Take-Aways from TTC's Military Cyber Security Conference

Recently, I had the opportunity to attend a multi-day conference in the Washington, DC area on the topic of Military Cyber Security hosted by the Technology Training Corporation. The topics that were covered ranged from the nature and degree of the threat to what military and other entities are doing to address the threat currently and what is needed going forward. Throughout the conference one thing became clear – while much has been done already . . . there is much more that needs doing and time is not on our side.
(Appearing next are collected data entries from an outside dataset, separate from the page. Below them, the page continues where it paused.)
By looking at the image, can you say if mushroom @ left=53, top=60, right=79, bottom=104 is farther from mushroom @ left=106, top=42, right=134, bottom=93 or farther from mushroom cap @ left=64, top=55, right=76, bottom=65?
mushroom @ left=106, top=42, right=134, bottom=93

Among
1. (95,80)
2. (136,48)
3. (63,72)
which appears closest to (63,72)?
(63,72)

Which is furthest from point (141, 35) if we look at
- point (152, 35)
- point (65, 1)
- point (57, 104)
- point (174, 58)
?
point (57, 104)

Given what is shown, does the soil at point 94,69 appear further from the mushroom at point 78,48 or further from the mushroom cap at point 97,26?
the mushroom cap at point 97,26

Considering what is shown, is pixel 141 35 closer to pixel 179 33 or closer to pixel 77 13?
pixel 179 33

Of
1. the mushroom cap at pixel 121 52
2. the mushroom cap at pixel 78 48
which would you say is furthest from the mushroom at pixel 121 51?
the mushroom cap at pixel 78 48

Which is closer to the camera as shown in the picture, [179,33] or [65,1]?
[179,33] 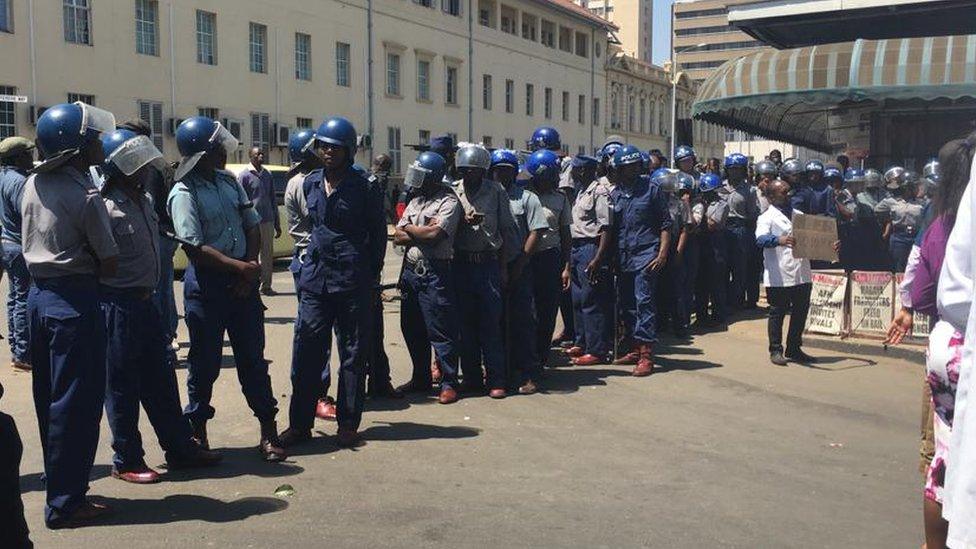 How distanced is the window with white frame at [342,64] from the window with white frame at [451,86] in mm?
7319

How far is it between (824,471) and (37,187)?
4.50 metres

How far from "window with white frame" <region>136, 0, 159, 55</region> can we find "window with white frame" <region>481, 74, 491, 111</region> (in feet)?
63.8

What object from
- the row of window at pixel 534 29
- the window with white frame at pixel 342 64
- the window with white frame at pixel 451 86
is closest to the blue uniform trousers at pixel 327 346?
the window with white frame at pixel 342 64

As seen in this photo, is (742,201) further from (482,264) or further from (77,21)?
(77,21)

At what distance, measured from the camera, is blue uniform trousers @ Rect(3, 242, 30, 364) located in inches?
293

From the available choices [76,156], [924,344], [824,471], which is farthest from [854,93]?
[76,156]

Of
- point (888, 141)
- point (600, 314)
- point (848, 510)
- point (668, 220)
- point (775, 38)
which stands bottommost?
point (848, 510)

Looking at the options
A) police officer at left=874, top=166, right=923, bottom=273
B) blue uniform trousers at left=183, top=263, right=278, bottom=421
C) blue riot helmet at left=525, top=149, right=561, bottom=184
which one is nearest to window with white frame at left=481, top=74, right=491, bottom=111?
police officer at left=874, top=166, right=923, bottom=273

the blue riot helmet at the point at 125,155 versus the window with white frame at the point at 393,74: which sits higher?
the window with white frame at the point at 393,74

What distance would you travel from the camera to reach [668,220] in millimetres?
8164

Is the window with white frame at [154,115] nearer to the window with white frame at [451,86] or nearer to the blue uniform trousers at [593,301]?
the window with white frame at [451,86]

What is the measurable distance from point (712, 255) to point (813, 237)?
229 centimetres

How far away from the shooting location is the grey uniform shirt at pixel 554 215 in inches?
314

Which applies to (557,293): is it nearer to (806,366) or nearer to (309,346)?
(806,366) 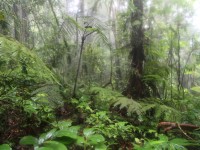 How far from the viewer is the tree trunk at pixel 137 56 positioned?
3.82m

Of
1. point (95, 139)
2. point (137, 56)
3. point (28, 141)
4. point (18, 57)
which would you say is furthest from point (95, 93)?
point (28, 141)

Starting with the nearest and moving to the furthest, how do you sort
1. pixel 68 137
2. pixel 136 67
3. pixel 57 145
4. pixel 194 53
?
pixel 57 145 < pixel 68 137 < pixel 136 67 < pixel 194 53

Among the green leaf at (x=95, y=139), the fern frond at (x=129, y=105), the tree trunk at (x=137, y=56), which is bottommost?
the fern frond at (x=129, y=105)

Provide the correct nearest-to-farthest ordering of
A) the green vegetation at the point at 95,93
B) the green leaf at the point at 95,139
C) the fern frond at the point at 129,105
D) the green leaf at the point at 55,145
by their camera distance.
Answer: the green leaf at the point at 55,145, the green leaf at the point at 95,139, the green vegetation at the point at 95,93, the fern frond at the point at 129,105

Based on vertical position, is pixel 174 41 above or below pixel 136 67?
above

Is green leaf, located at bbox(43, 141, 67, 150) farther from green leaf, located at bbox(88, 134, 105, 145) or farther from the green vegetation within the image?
green leaf, located at bbox(88, 134, 105, 145)

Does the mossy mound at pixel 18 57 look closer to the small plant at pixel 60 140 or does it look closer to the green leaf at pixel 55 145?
the small plant at pixel 60 140

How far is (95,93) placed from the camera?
12.0 ft

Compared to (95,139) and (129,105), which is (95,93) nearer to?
(129,105)

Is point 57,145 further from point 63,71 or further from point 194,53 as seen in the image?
point 194,53

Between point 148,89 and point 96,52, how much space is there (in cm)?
141

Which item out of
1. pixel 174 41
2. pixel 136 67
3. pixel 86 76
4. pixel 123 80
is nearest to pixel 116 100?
pixel 136 67

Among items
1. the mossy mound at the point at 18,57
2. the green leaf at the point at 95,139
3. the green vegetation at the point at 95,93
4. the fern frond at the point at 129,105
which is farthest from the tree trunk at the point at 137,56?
the green leaf at the point at 95,139

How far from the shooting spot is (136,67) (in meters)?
3.93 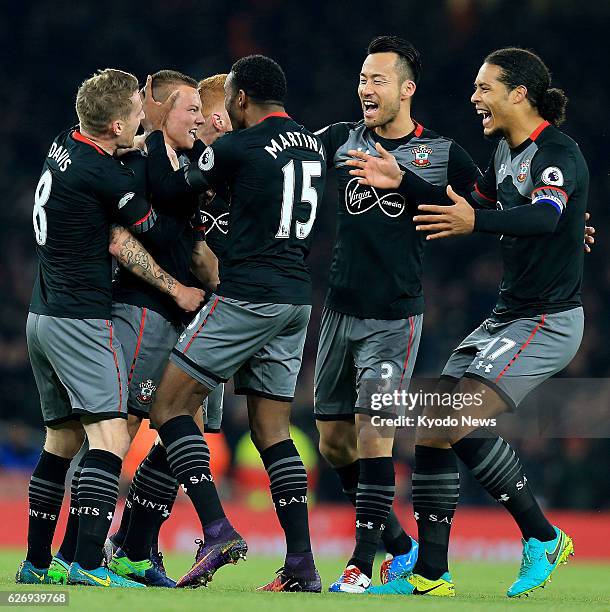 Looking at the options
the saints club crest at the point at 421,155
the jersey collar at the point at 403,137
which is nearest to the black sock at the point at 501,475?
the saints club crest at the point at 421,155

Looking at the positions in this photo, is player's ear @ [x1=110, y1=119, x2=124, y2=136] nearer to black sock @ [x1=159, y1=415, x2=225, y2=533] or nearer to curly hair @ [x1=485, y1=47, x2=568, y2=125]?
black sock @ [x1=159, y1=415, x2=225, y2=533]

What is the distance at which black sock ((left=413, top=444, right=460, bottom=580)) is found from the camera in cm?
547

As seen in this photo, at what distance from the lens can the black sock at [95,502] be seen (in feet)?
16.3

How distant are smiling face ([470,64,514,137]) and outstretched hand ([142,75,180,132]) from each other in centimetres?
137

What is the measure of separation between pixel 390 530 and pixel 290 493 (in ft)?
2.53

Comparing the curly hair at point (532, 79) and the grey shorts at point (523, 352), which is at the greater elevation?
the curly hair at point (532, 79)

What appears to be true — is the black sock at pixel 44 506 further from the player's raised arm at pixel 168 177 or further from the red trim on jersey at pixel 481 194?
the red trim on jersey at pixel 481 194

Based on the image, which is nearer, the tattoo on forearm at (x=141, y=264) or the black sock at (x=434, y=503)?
the tattoo on forearm at (x=141, y=264)

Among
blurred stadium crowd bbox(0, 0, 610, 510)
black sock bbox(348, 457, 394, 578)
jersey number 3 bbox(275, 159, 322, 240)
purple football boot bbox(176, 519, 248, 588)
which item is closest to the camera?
purple football boot bbox(176, 519, 248, 588)

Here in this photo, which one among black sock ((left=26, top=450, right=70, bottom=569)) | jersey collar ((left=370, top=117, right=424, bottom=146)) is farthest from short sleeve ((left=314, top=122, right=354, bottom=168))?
black sock ((left=26, top=450, right=70, bottom=569))

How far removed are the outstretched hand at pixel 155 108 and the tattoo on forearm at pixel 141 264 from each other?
64cm

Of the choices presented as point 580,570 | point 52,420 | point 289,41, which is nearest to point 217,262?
point 52,420

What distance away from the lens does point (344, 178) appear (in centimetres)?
588

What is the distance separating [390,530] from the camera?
5879 millimetres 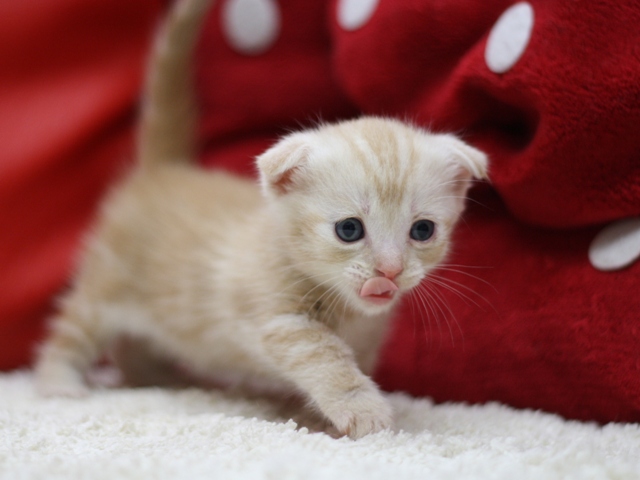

As you might expect, the conference agenda included presenters from Department of Defense (DoD), the service branches, Joint Forces Command, and others, but also presenting were representatives from the Department of Homeland Security and the Intelligence Community – including the Central Intelligence Agency and National Security Administration. Finally, the roster was rounded out with some White House advisory committee members and cyber-focused think tanks, education/awareness associations and vendors. Given the breadth and pace of the agenda kudos go out to Marcus Min and the TTC staff for conducting a very well-organized event.
Some Take-Aways
While listening to and talking with the presenters and other attendees, several themes emerged.   A few of the key topics and take-aways include:
  • Changing Perceptions of Security – The creativity, persistence and resourcefulness of those attacking the cyber infrastructure effectively means that no defenses are full-proof, or ever will be. Your infrastructure will be penetrated at some point and striving to prevent that completely is a losing battle. Agencies need to adopt a risk management perspective to be ready, respond, and recover effectively from attack. Agencies also need to embed security at multiple levels of their organizations and infrastructures, including at the data level.
  • Cyber Landscape is Changing – The explosion of social media, mobile technologies, and adoption of cloud computing has fundamentally changed the threat landscape. The rate of technology change has outpaced our security policy and approaches and that is the new status quo. These technologies, as well as sensor proliferation, will continue to explode the quantity of data available for attack and exploitation.
  • Offensive Capabilities – Here the theme of “a good offense is your best defense” rings true. Taking some of the tools and tradecraft (e.g. penetration testing) that have their origin in cyber defense and turning them in an outward direction toward our adversaries can be an effective approach. There are several parallels here with strong deterrence through strong offensive capabilities. Some of the challenges include maturing the military rules of engagement (ROEs) and addressing the policies and legalities on what private infrastructure owners can do to self-protect.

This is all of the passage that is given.